§ THE PROBLEM: Beginning with the line that contains "Belle FILLE УФ" and ending with the line that contains "Patagonia Kids Puffer", reproduce the lines of the entries below exactly, omitting pictures.

§ PROVIDED ENTRIES:
-- Opening Marker --
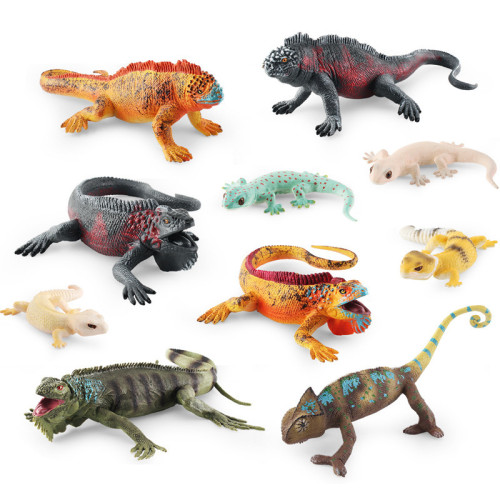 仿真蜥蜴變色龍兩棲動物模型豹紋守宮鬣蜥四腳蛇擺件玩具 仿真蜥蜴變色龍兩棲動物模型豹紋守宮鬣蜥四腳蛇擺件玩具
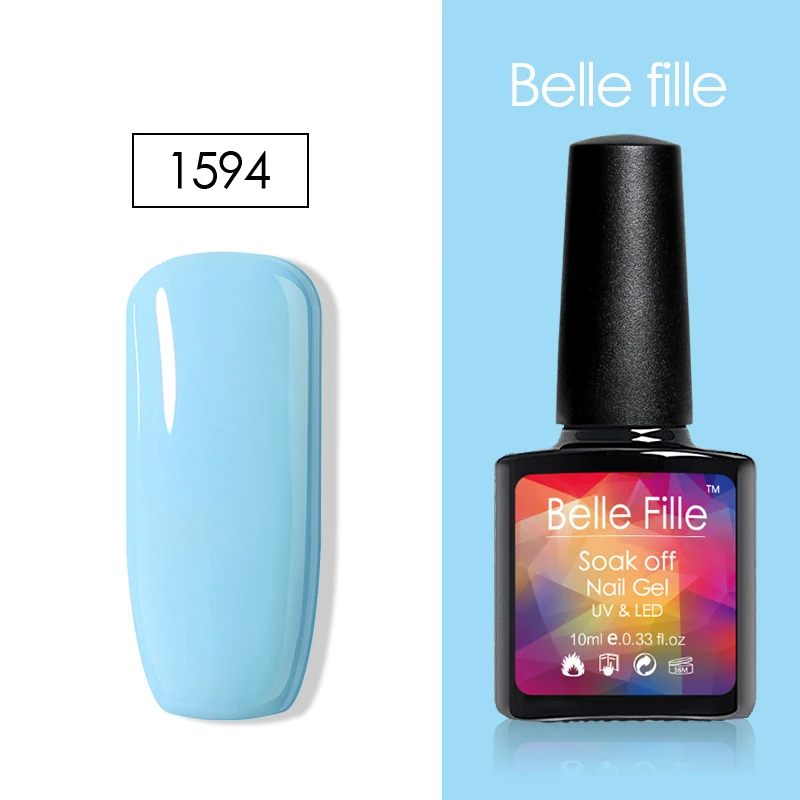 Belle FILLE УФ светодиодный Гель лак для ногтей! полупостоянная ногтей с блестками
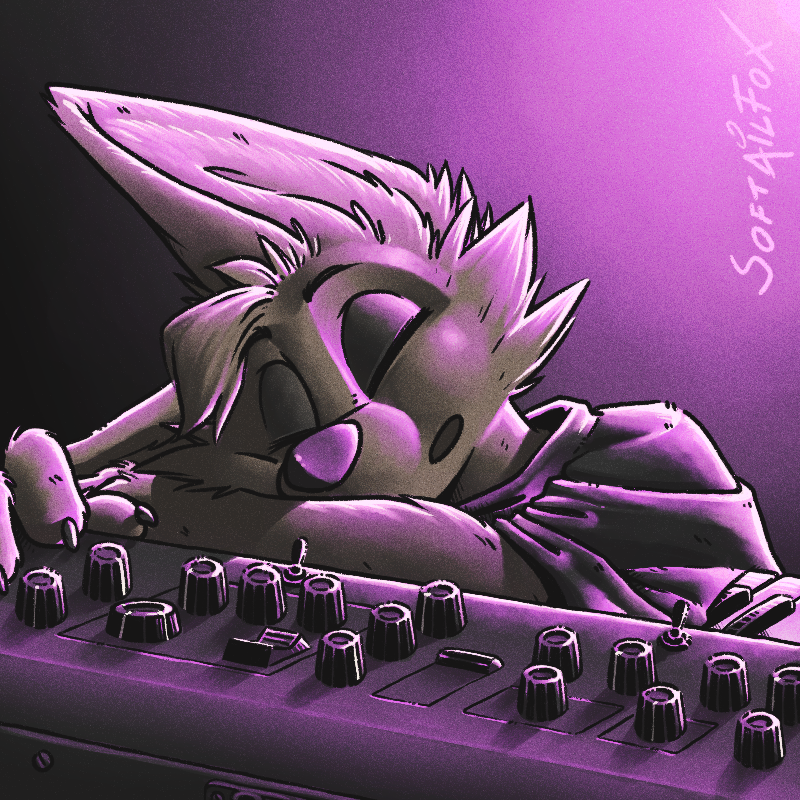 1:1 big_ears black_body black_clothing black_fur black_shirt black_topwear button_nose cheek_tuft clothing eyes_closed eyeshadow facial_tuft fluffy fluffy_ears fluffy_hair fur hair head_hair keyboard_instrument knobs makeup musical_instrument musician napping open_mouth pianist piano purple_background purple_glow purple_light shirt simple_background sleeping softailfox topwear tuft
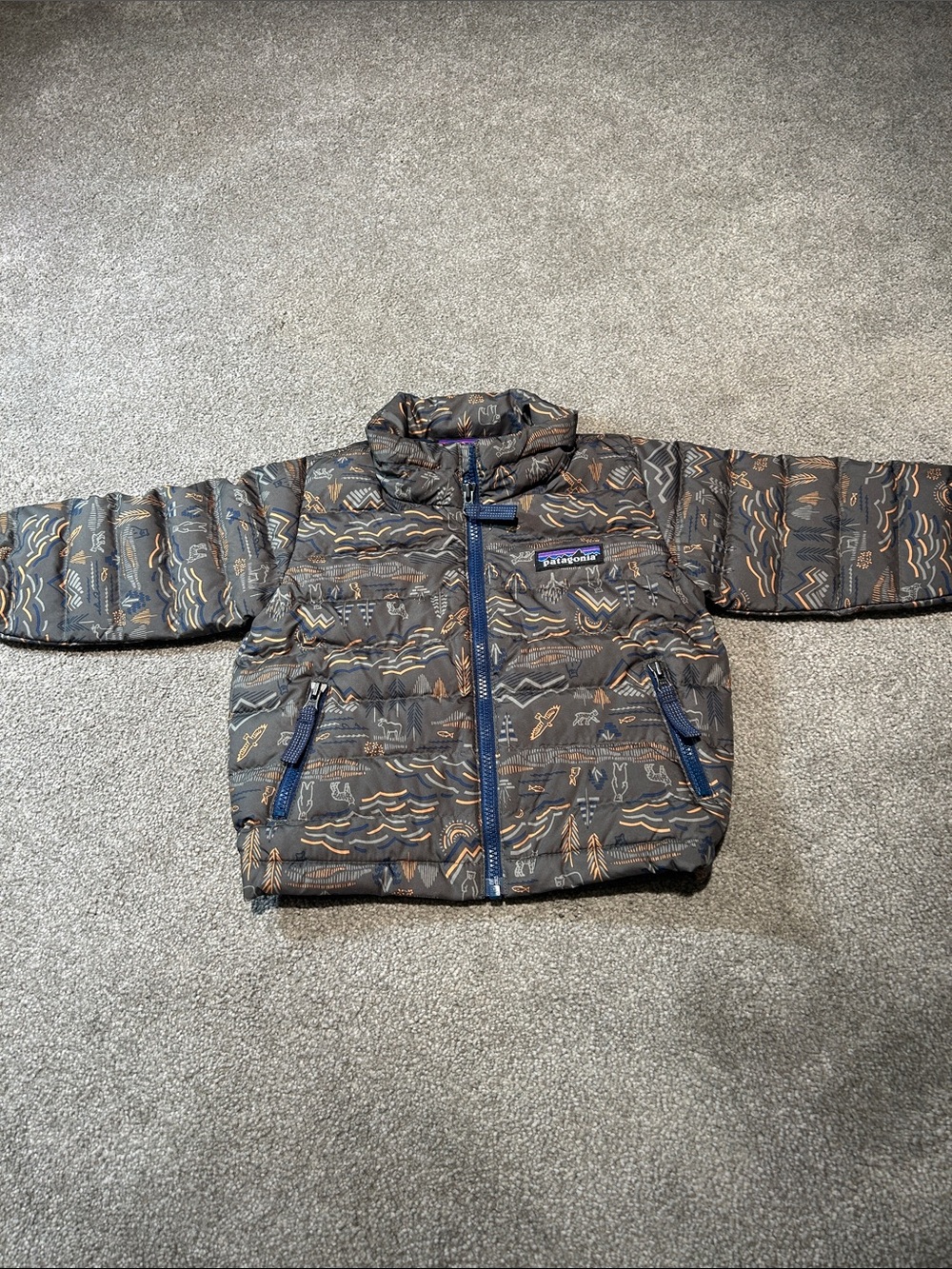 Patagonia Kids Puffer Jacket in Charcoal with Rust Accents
-- Closing Marker --
-- Opening Marker --
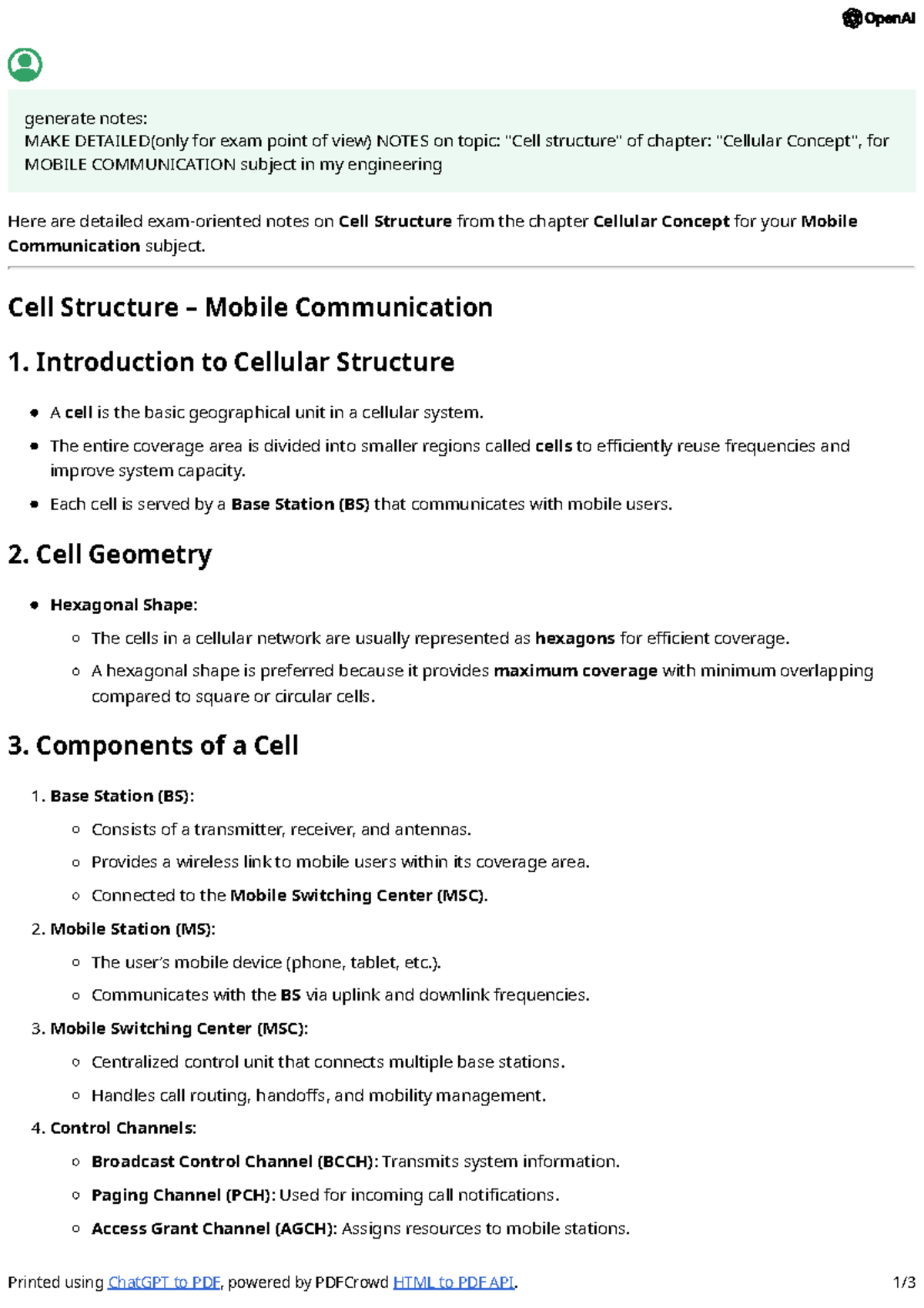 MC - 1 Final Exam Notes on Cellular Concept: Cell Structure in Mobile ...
-- Closing Marker --
-- Opening Marker --
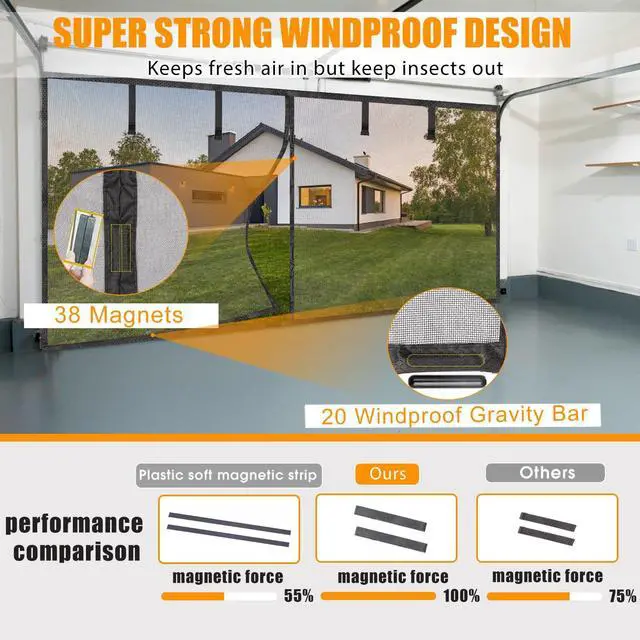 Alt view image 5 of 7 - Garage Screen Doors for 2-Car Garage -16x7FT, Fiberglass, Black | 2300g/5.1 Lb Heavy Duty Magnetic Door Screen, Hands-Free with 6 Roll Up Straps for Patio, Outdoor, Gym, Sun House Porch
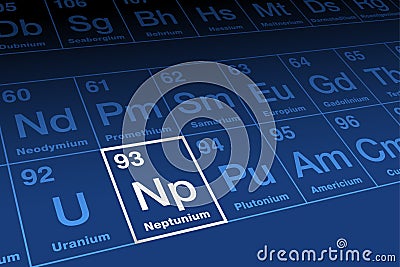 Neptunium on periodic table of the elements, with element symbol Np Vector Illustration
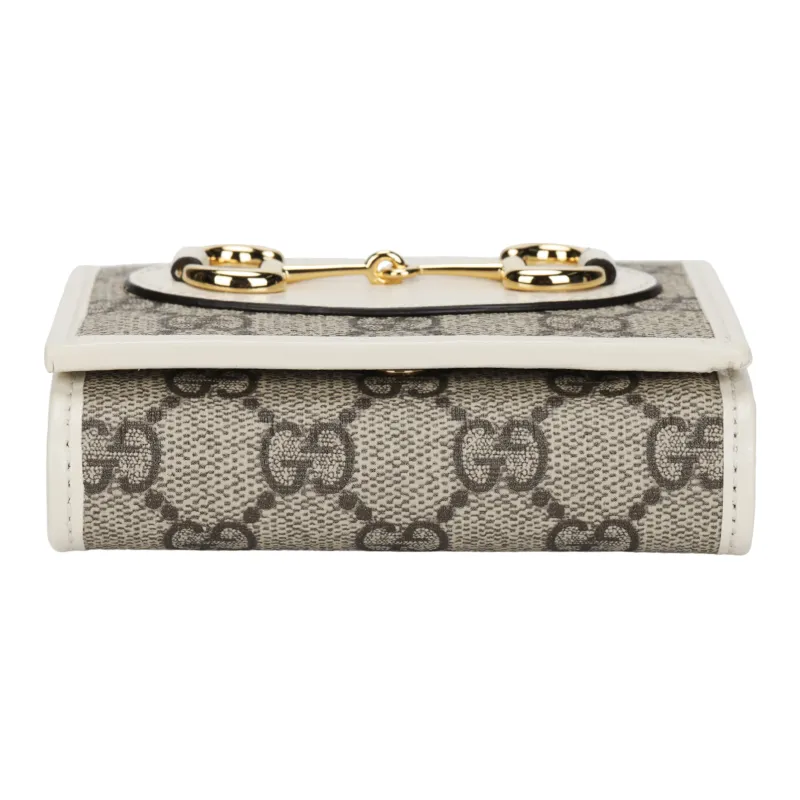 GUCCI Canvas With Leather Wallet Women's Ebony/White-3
-- Closing Marker --
§ SOLUTION TO THIS EXERCISE:
 Belle FILLE УФ светодиодный Гель лак для ногтей! полупостоянная ногтей с блестками
 1:1 big_ears black_body black_clothing black_fur black_shirt black_topwear button_nose cheek_tuft clothing eyes_closed eyeshadow facial_tuft fluffy fluffy_ears fluffy_hair fur hair head_hair keyboard_instrument knobs makeup musical_instrument musician napping open_mouth pianist piano purple_background purple_glow purple_light shirt simple_background sleeping softailfox topwear tuft
 Patagonia Kids Puffer Jacket in Charcoal with Rust Accents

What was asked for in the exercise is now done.